_PROBLEM TO SOLVE_
An image-free reproduction of the data below is needed: print it exactly.

_INFORMATION PROVIDED_
———

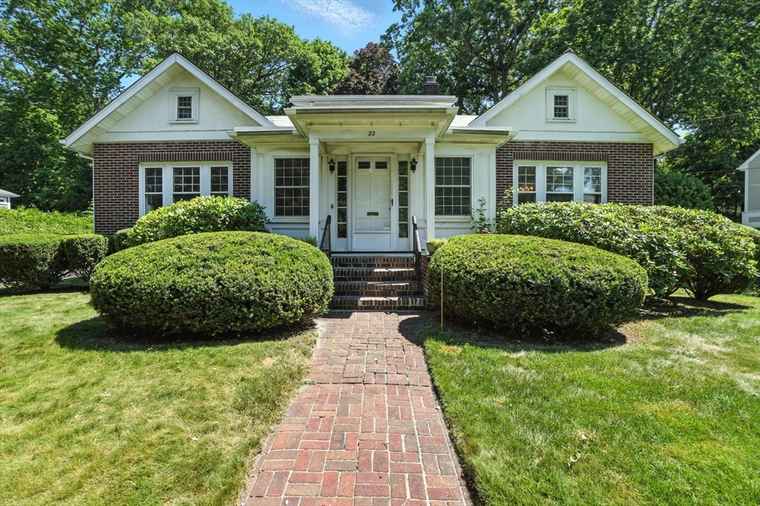 Photo of 22 Stoneleigh Cir Watertown, MA 02472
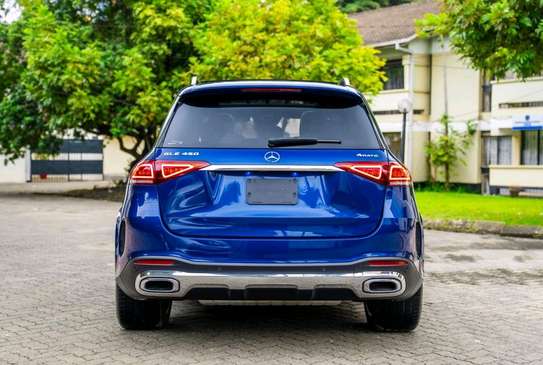 2019 Mercedes-Benz GLE400D image 4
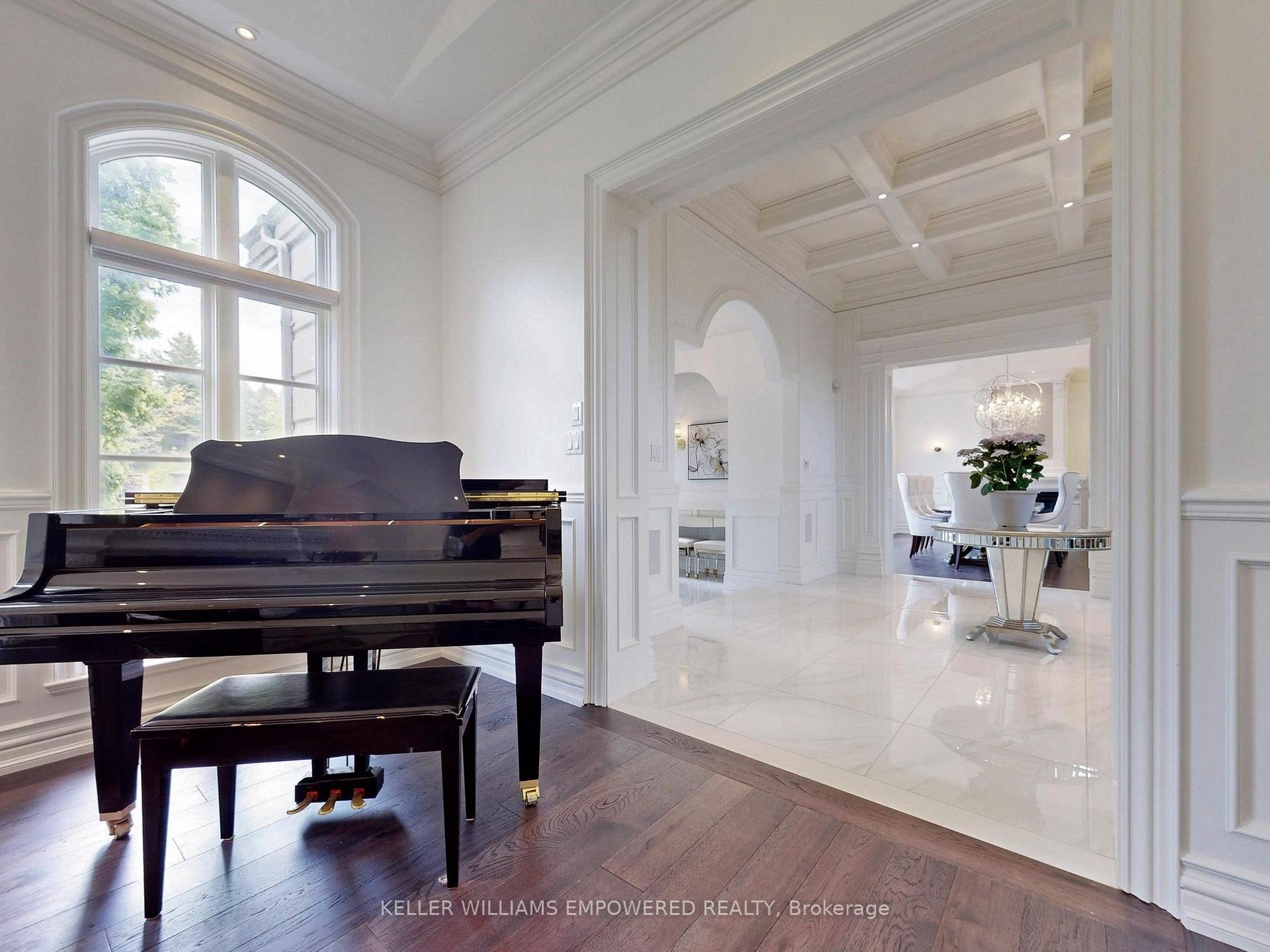 Photo 4 of 18 Mcroberts Place, Aurora, Aurora Estates — HOMEH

———

_SOLUTION TO THIS EXERCISE_
 Photo of 22 Stoneleigh Cir Watertown, MA 02472
 2019 Mercedes-Benz GLE400D image 4
 Photo 4 of 18 Mcroberts Place, Aurora, Aurora Estates — HOMEH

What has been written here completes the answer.